Elk Grove district begins school age shift, transitional kindergarten
11.14.2011 | Sacramento Bee | Diana Lambert
Preet Sandhu wasn’t surprised to learn last week that her daughter Kirat wasn’t eligible for kindergarten. Elk Grove Unified staff had done a good job of getting the word out.
Sandhu’s daughter turns 5 on Nov. 5, 2012 – and a new law requires that kids be age 5 by Nov. 1 to enroll in kindergarten next school year. Currently, California children could enroll in kindergarten if they turned 5 by Dec. 2.
The new law changing the age requirement for kindergartners is being phased in over three years. In the fall of 2013, children must be age 5 by Oct. 1. In the fall of 2014, students must turn 5 by Sept. 1.
So what happens to these kids with later birthdays?
The law that changed the age requirement also called for a new grade level – transitional kindergarten, or TK.
The question of starting kindergartners later has been discussed and debated at the state Capitol for 25 years, said Sen. Joe Simitian, D-Palo Alto, at the transitional kindergarten summit held at a Sacramento Sheraton last Tuesday.
Simitian, author of the legislation that created TK, called it a “game changer” that would ultimately lead to better test scores, fewer children placed inappropriately into special education classes and fewer held back in school.
TK will focus on improving motor and social skills to prepare children for the academic rigors of kindergarten.
In 2008, a Public Policy Institute of California review of 14 studies found that students who start kindergarten older perform better on math and reading tests in eighth grade.
“I think it’s amazing,” said Heather Wright, a kindergarten teacher at Elliott Ranch Elementary in Elk Grove who is helping develop TK curriculum for the district.
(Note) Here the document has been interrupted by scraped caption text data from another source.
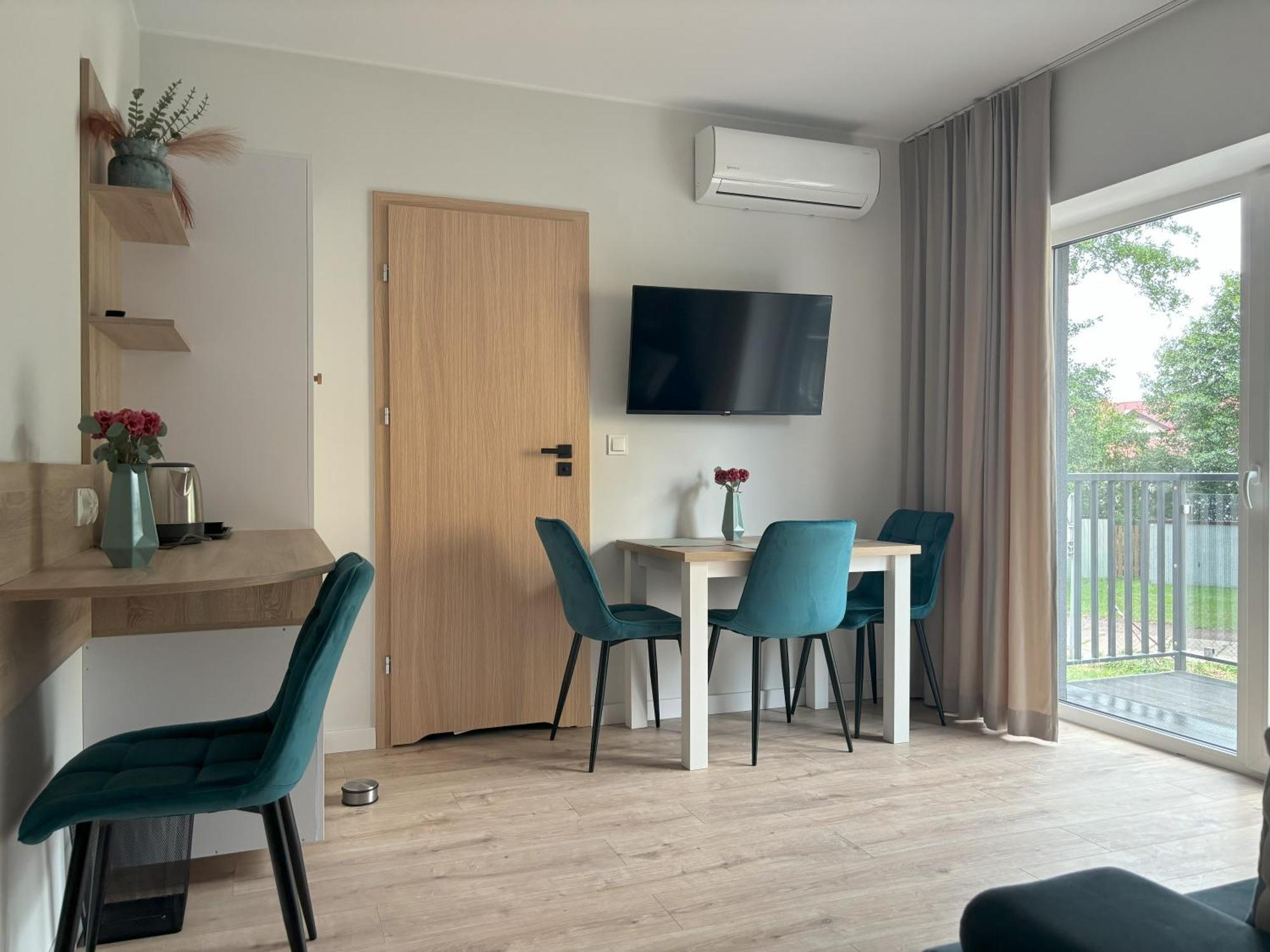 Aparthotel Suntel Łeba Esterno foto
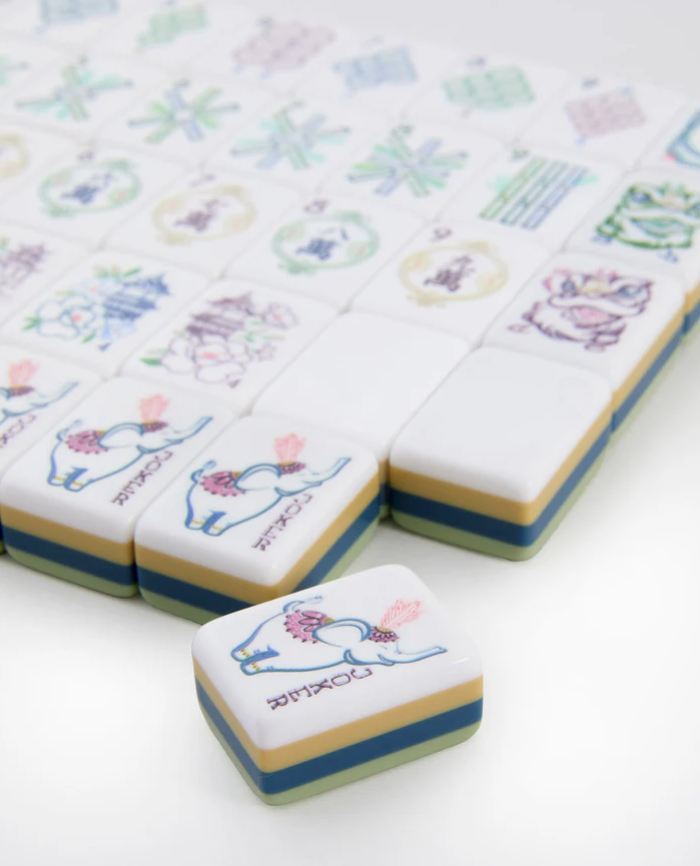 Willow Mahjong Tiles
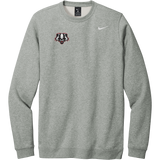 Scary Badgers Nike Club Fleece Crew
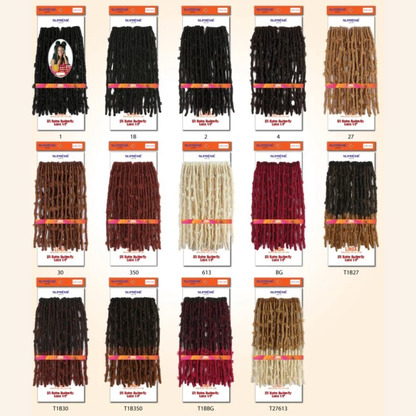 SUPRÊME Hair – 2X Locs Papillon Bohème 14 po
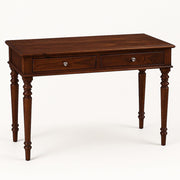 ONIJA Wood Study Desk With 2 Drawers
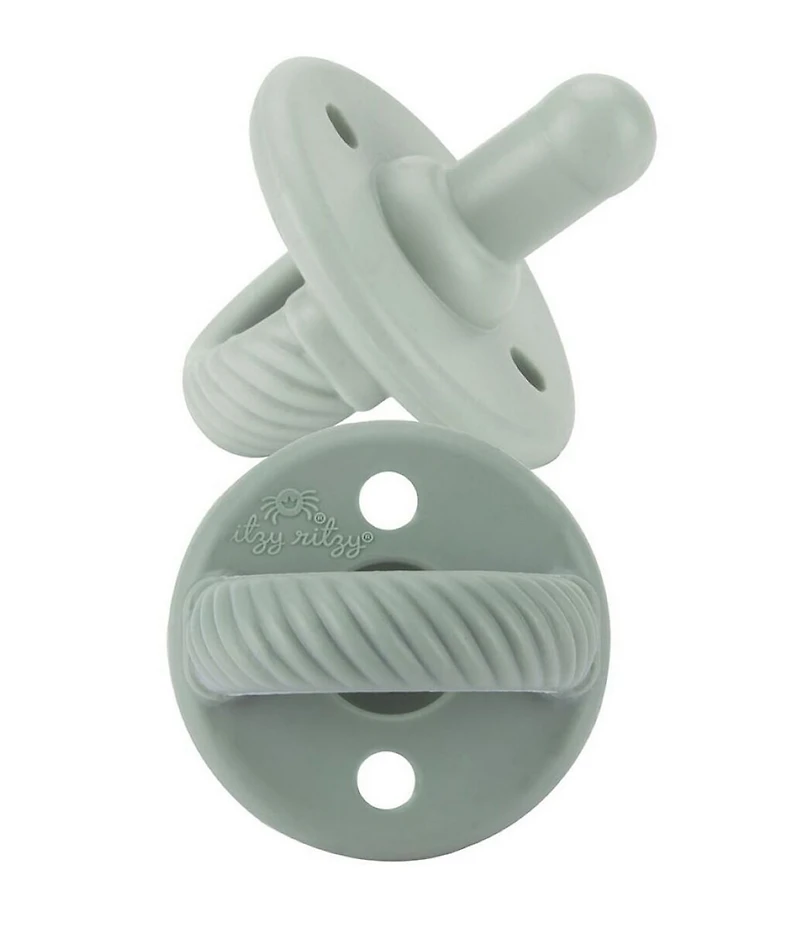 Itzy Ritzy Baby Sweetie Soothers 2-Pack Pacifiers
She said kids will learn to raise their hands, stand in line, relate to their peers and use words appropriately, among other things.
Most parents agree there is a need. “It’s a good thing they are doing,” Sandhu said, adding that some children need practice before kindergarten.
“I think it can benefit the kids,” said Sherry Tam, who also was standing in line at Joseph Sims Elementary last Monday morning.
Tam said her son – whose birthday is Nov. 16 – is small and could benefit from an extra year of preparation, even though he is academically prepared for kindergarten.
Educators at the summit said parents often balk at the prospect of putting their child in transitional kindergarten because they believe their child is “really smart” and prepared for kindergarten.
Parents also may be put off by logistics. Most schools will only have a handful of students eligible for transitional kindergarten – meaning most will have to attend schools outside their neighborhoods. The state law does not provide transportation.
About 350 Elk Grove Unified students are eligible for transitional kindergarten next school year, said Bob Roe, director of elementary education for the school district. He said Elk Grove Unified, which has 39 elementary schools, would likely have 15 TK classes.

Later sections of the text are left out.